Duncan himself said the achievement gap here and nationally "is frankly troubling." But he said the District "has unabashedly pursued higher standards" when it could have dumbed down its standards. "To have the greatest improvement out of 50 states is remarkable," Duncan said, "Remarkable."

Not so good. There was one sour note at the otherwise upbeat school event held at Malcolm X Elementary in Southeast. The mayor’s office tried to freeze out D.C. Council Education Committee chair David Catania. The at-large council member has not been shy in challenging the pace of progress or the yawning achievement gap.

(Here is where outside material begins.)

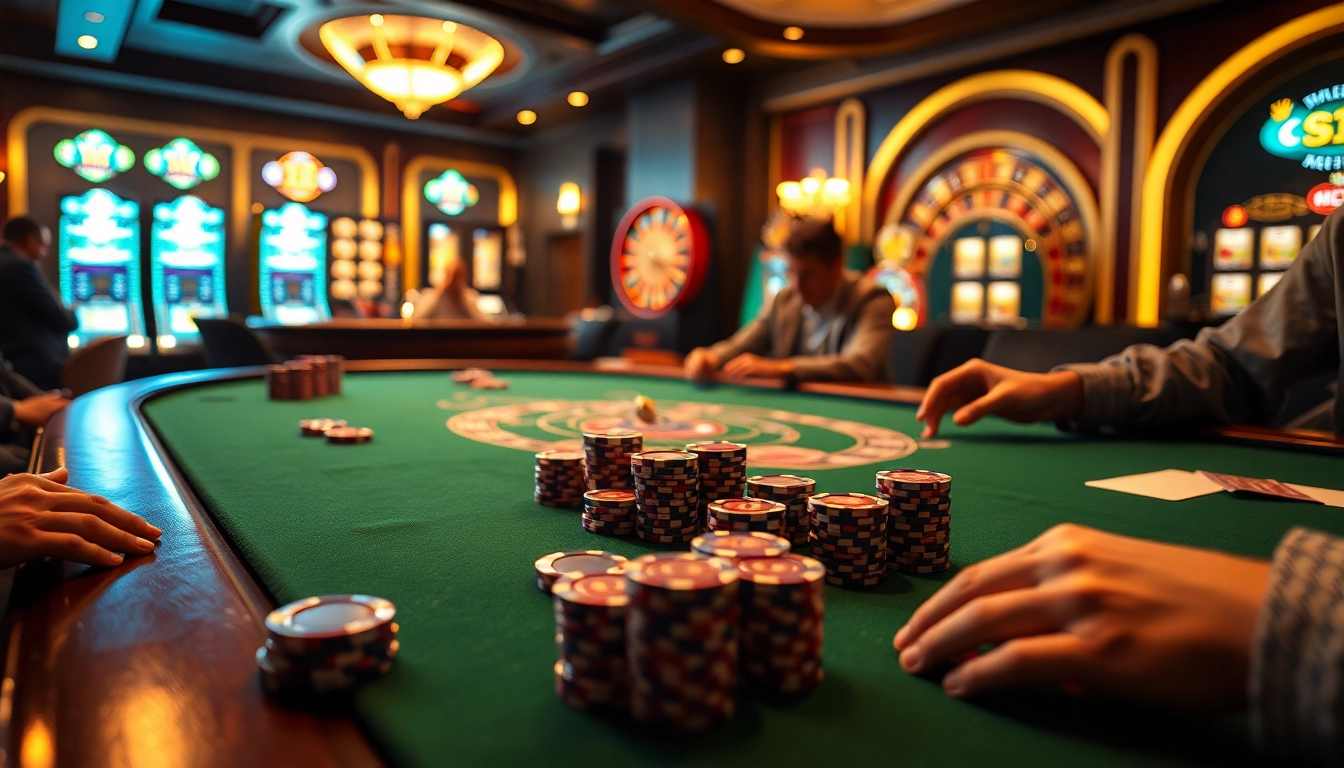 Players strategizing at a high-stakes poker table in a luxurious casino setting, showcasing the S8 allure.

The mayor’s staff had invited Catania, but told him he would not speak as part of the program. (Chairman Phil Mendelson had been invited to attend and speak for the whole council, but Mendelson declined.)

Worse than not speaking — or being officially recognized— the mayor’s staff tried to relegate Catania to a seat in the audience, not the stage. Organizers only put enough chairs on stage for the mayor and others he wanted.

When Catania arrived, he quietly let it be known to the mayor’s staff that he intended to sit with the other leaders and would be on the stage to take a chair. At the last minute, the mayor’s staff relented and placed a red metal school chair next to the cloth-padded chairs everyone else had. Catania was a good sport. He sat in his little red chair, applauded and smiled.

Afterward, News4 asked him about the new test scores. Catania has been focusing on the achievement gap, but he didn’t take the bait to criticize the mayor.

"I think today is a great day for the city," he said, adding that anytime there is good news "it’s good to celebrate."

Stampede!! Civic activist, watchdog, skeptic and eagle eye Dorothy Brizill already is all over the 2014 elections. Here’s part of what she wrote last week for DCWatch as she observed candidates picking up petitions to run for this or that:

"Currently, eight members of the city council will be running for elective office in 2014," she wrote. "If at-large councilmember David Catania and Ward One councilmember Jim Graham run, then that number will rise to ten. That will contribute to a contentious, unwieldy legislative body for the next year."

That certainly will make the budget negotiations that start in March very difficult. And Graham is widely expected to run for re-election. He’s doing an "exploratory committee," an unusual step for someone who has been in office so long. And Catania is widely expected to mount an independent campaign for mayor in next year’s November general election.

As Bette Davis said in her movie "All About Eve": "Fasten your seat belts. It’s going to be a bumpy night." (The line is often misquoted as "bumpy ride," but you get the point.)


Tom Sherwood, a Southwest resident, is a political reporter for News 4.